Pacific Gas & Electric Company went through six years of hearings, referenda and litigation to have the Diablo Canyon plant approved. A principal concern about the plant is whether it can be sufficiently earthquake-proof. The site was deemed safe when construction started in 1968.

By the time of the plant's completion in 1973, a seismic fault, the Hosgri fault, had been discovered several miles offshore. This fault had a 7.1 magnitude quake 10 miles offshore on November 4, 1927, and thus was capable of generating forces equivalent to approximately 1/16 of those felt in the 1906 San Francisco earthquake.[12]

The company updated its plans and added structural supports designed to reinforce stability in case of earthquake. In September 1981, PG&E discovered that a single set of blueprints was used for these structural supports; workers were supposed to have reversed the plans when switching to the second reactor, but did not.[13] According to Charles Perrow, the result of the error was that "many parts were needlessly reinforced, while others, which should have been strengthened, were left untouched."[14] Nonetheless, on March 19, 1982 the Nuclear Regulatory Commission decided not to review its 1978 decision approving the plant's safety, despite these and other design errors.[15]

In response to concern that ground acceleration, or shaking, could cause spillage of submerged fuel rod assemblies which, upon exposure to air, could ignite, PG&E and NRC regulators insist that the foregoing scenario is anticipated and controlled for, and that there is no basis to anticipate spillage.[16] Additional seismic studies are in process, though completion of those studies is not a condition precedent to re-issuance of the operating licenses for the two onsite units.[17]

In October 2008, Unit 2 was taken offline for approximately two days due to a rapid influx of jellyfish at the intake.[18]

The Nuclear Regulatory Commission's estimate of the risk each year of an earthquake intense enough to cause core damage to the reactor at Diablo Canyon was 1 in 23,810, according to an NRC study published in August 2010.[19][20] In April 2011, in the wake of the Fukushima nuclear incident in Japan, PG&E asked the NRC not to issue license renewals until PG&E can complete new seismic studies, which are expected to take at least three years.[21][22]

In February 2013, Unit 2 was shut down for refueling and upgrading; Unit 1 will refuel beginning in April 2013.[23]

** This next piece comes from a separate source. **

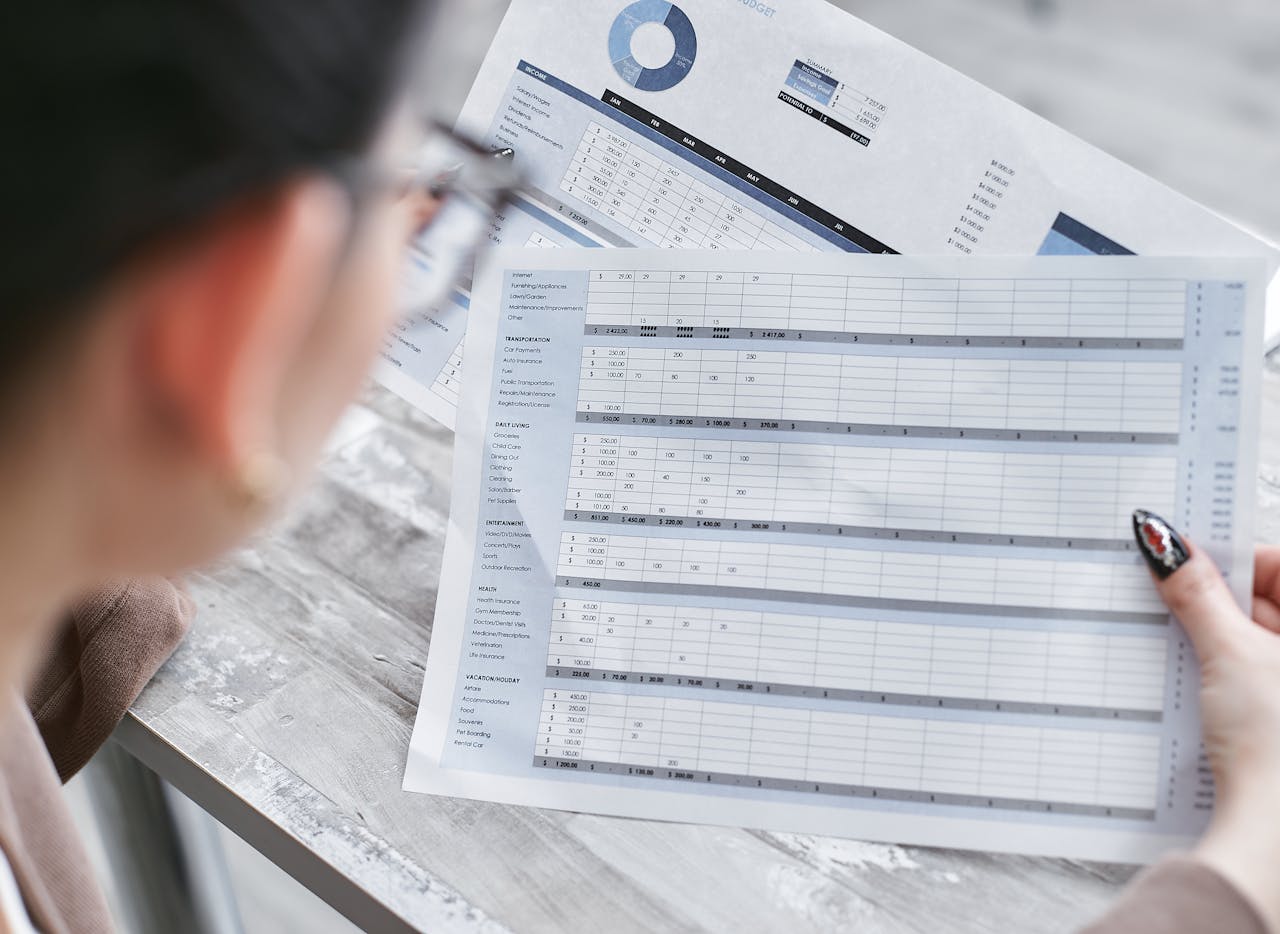 A person holding a print-out of a spreadsheet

On June 24, 2013 at 9:20 PM PDT, Diablo Canyon experienced a loss of offsite power to the startup transformers of both units due to a failure on the 230kv transmission system. At the time, none of the startup transformers were loaded as both units were online and their electrical systems were at the time being powered by the plant's turbine generators. However, as a precaution the emergency diesel generators started with no load during the outage in case either unit tripped offline while offsite power was unavailable. The electrical output of the plant via the 500kv transmission system was not interrupted allowing both units to remain online during the outage.

Labor

Overall, there are approximately 1200 employees of Pacific Gas and Electric and 200 employees of subcontractors at the Diablo Canyon site.[24] Several unions represent the workforce at Diablo, among them the International Brotherhood of Electrical Workers and the International Association of Machinists. Control Technicians and electricians who work for Crane Nuclear, one of many subcontractors, are represented by the IBEW Local 1245.[25] 1245 also represents PG&E meter readers, clerical workers, etc.[26] Local 639, which is involved with Diablo but is under "spring outage", also supports solar energy development as part of the overall energy industry portfolio.[27] This outage has been retracted as of June 10, 2011[28] The outages are routine for maintenance and the complex process of refueling, and created 1,000 temporary jobs, according to PG&E.[29] Other workers are represented by the Plumbers and Pipefitters.[30]

DCISC

The Diablo Canyon Independent Safety Committee (DCISC) was established as a part of a settlement agreement entered into in June 1988 between the Division of Ratepayer Advocates of the California Public Utilities Commission (PUC), the Attorney General for the State of California, and Pacific Gas and Electric Company (“PG&E”).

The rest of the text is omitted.